Serum OX40 ligand levels in asthmatic children: A potential biomarker of severity and persistence
Abstract:The costimulatory molecule OX40 and its ligand, OX40L, mediate key aspects of allergic airway inflammation in animal models of asthma, including eosinophilic airway inflammation, airway hyperresponsiveness, and T-helper type 2 (Th2) polarization. However, involvement of these molecules in Th2-dominated allergen-induced childhood asthma remains unclear. Therefore, we sought to examine OX40L expression in pediatric asthma across disease activity and attack severity. Serum OX40L concentrations were measured by ELISA in 50 children with atopic asthma (during and in between acute attacks), and in 40 healthy children serving as controls. The median and mean (SD) serum OX40L levels (1487 and 1560  pg/mL) were significantly higher in asthmatic children during acute attacks in comparison with children in between attacks (731 and 689  pg/mL) and in comparison with controls (193 and 157 [60.3] pg/mL). OX40L values were higher among children who presented with acute severe asthma exacerbations than in children with mild or moderate asthma exacerbations.
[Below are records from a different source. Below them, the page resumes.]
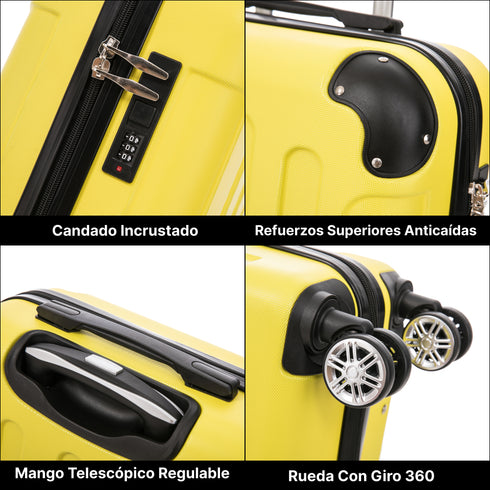 Raykong Mala de Cabine ABS 55x40x20cm (44L) Máximo aproveitamento do espaço - 20 Polegadas - Amarelo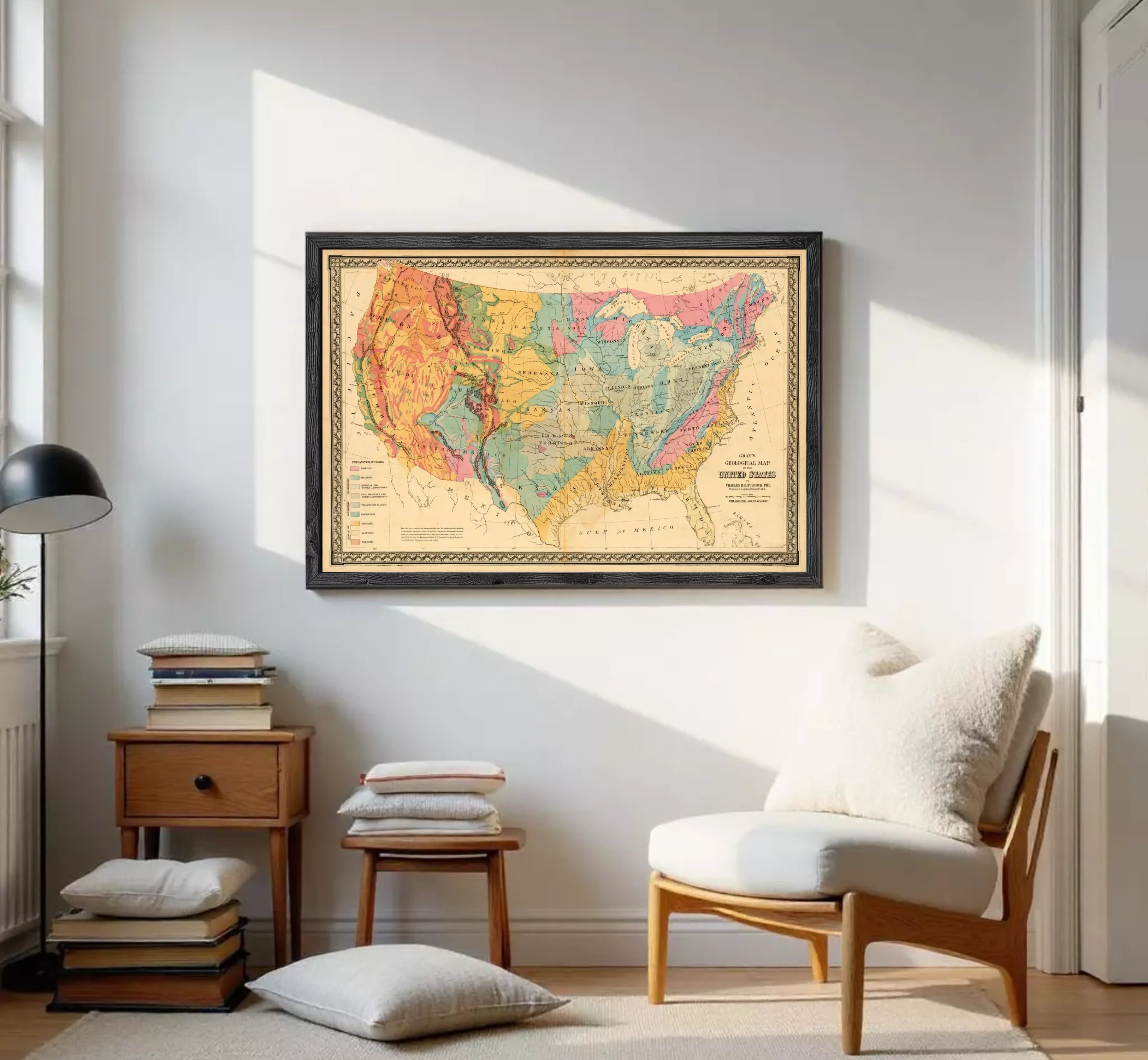 The image is a framed geological map of the United States, depicting the various geological features and regions of the country.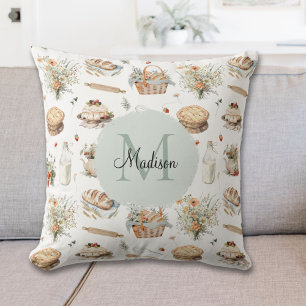 Coussin Fleur de fraisier de campagne florale fantaisiste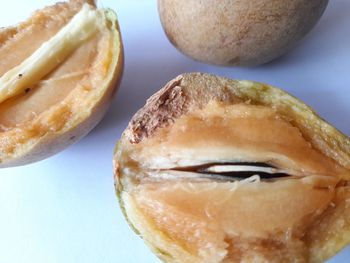 Close-up of bread in plate on table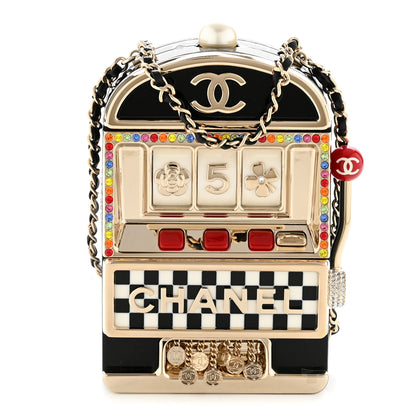 Chanel Resin Crystal Slot Machine Minaudiere Black Gold White Red 1 of 11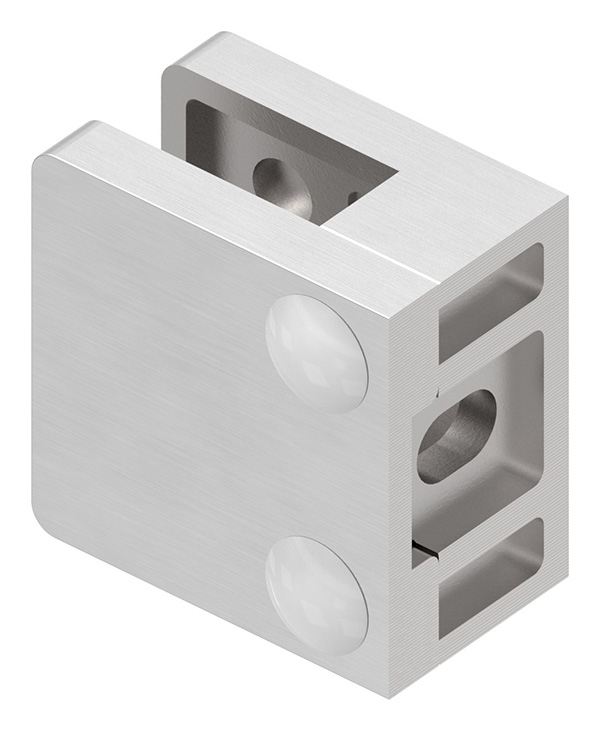 Glasklemme 30x30x18 mmØ 33-7 mm- fuer 8-76 mm VSG Glas-10-MODELL22-3.8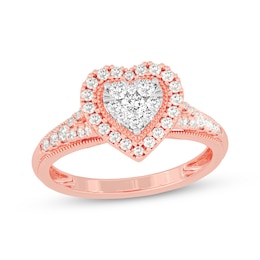 Now + Forever Round-Cut Diamond Heart-Shaped Engagement Ring 1/2 ct tw 10K Rose Gold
During stability, patients with severe persistent asthma had significantly higher levels when compared with patients with moderate or mild persistent asthma. A positive correlation could be elicited between OX40L levels during exacerbations and the corresponding values during remission. Serum OX40L levels correlated negatively with peak expiratory flow rate and positively with absolute eosinophil count. Up-regulation of OX40L may play a critical role in development of childhood atopic asthma and is in favor of asthma severity. OX40L may represent a useful biomarker of monitoring allergic inflammation. OX40L is one of the most promising targets of immune intervention for treatment of these diseases.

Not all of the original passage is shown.